** Opening Data provided block **
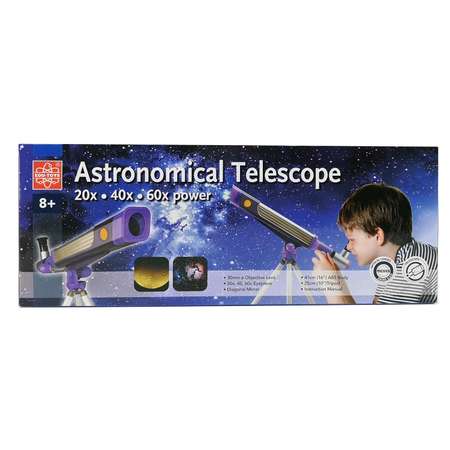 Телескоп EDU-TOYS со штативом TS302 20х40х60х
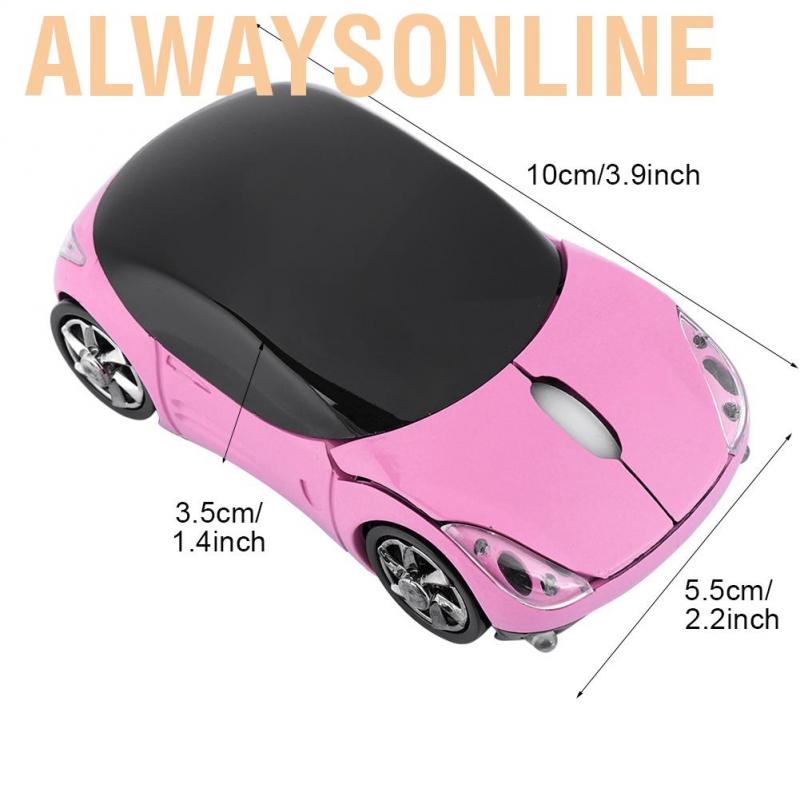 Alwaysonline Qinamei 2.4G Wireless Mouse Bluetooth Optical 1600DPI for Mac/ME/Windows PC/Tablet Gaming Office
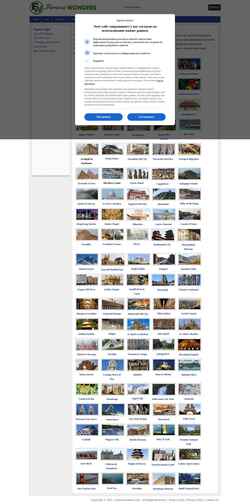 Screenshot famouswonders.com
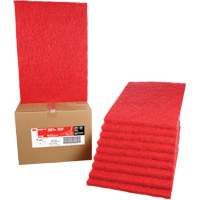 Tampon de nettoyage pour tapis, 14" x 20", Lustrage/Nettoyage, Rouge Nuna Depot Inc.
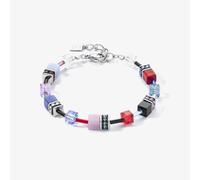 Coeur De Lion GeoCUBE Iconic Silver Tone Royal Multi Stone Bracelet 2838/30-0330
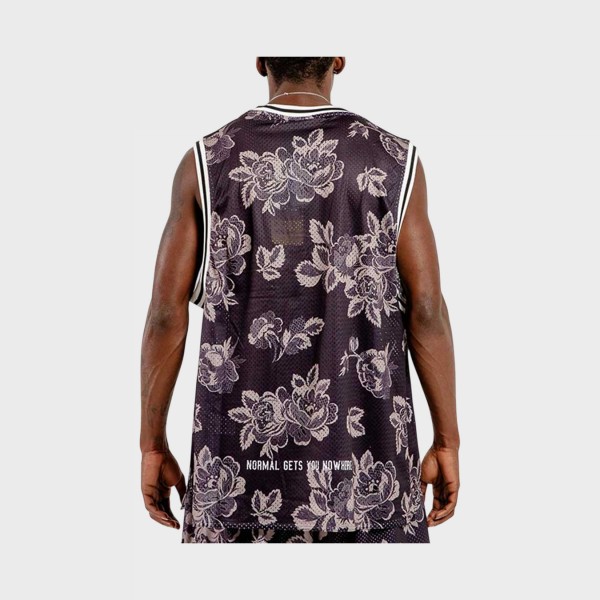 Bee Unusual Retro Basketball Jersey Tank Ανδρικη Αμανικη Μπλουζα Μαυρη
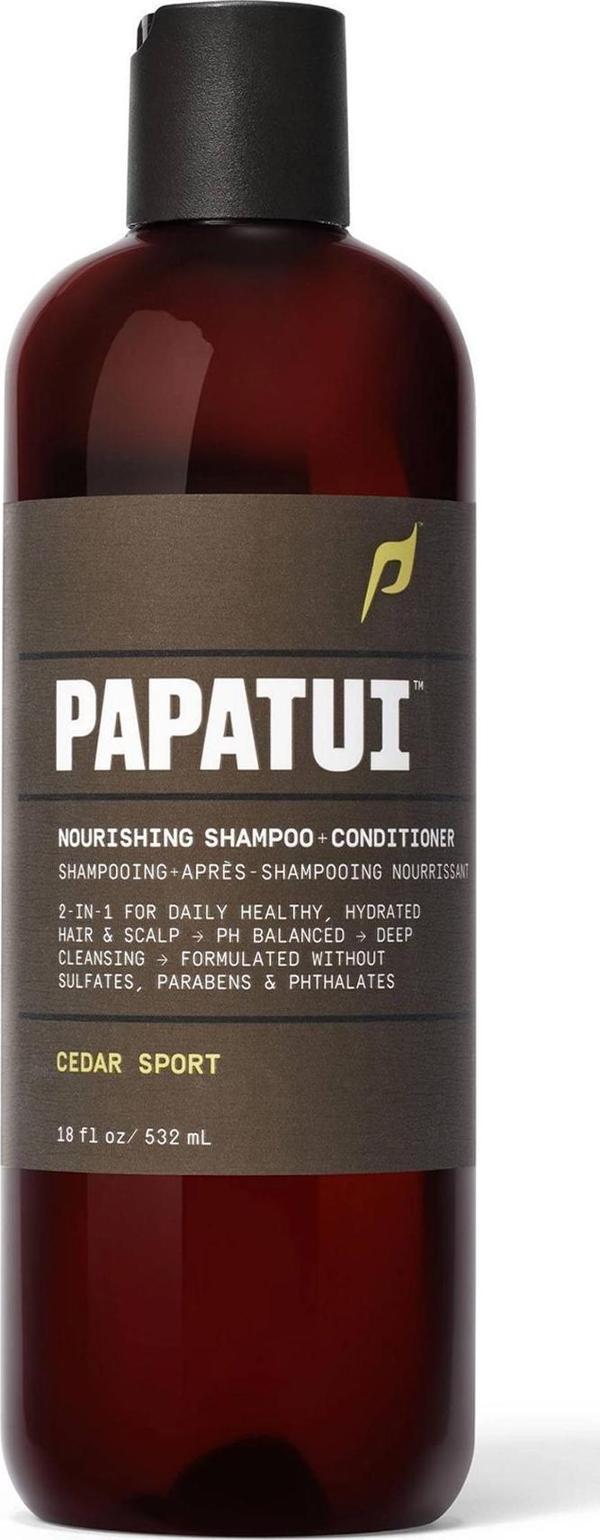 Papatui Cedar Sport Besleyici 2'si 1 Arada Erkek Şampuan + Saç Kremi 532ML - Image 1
** Closing Data provided block **
» **What needs to be done**: In the listing above, find the line containing "Coeur De Lion" and restate it and every later line verbatim, with the pictures left out.

» **Solution to the exercise**:
 Coeur De Lion GeoCUBE Iconic Silver Tone Royal Multi Stone Bracelet 2838/30-0330
 Bee Unusual Retro Basketball Jersey Tank Ανδρικη Αμανικη Μπλουζα Μαυρη
 Papatui Cedar Sport Besleyici 2'si 1 Arada Erkek Şampuan + Saç Kremi 532ML - Image 1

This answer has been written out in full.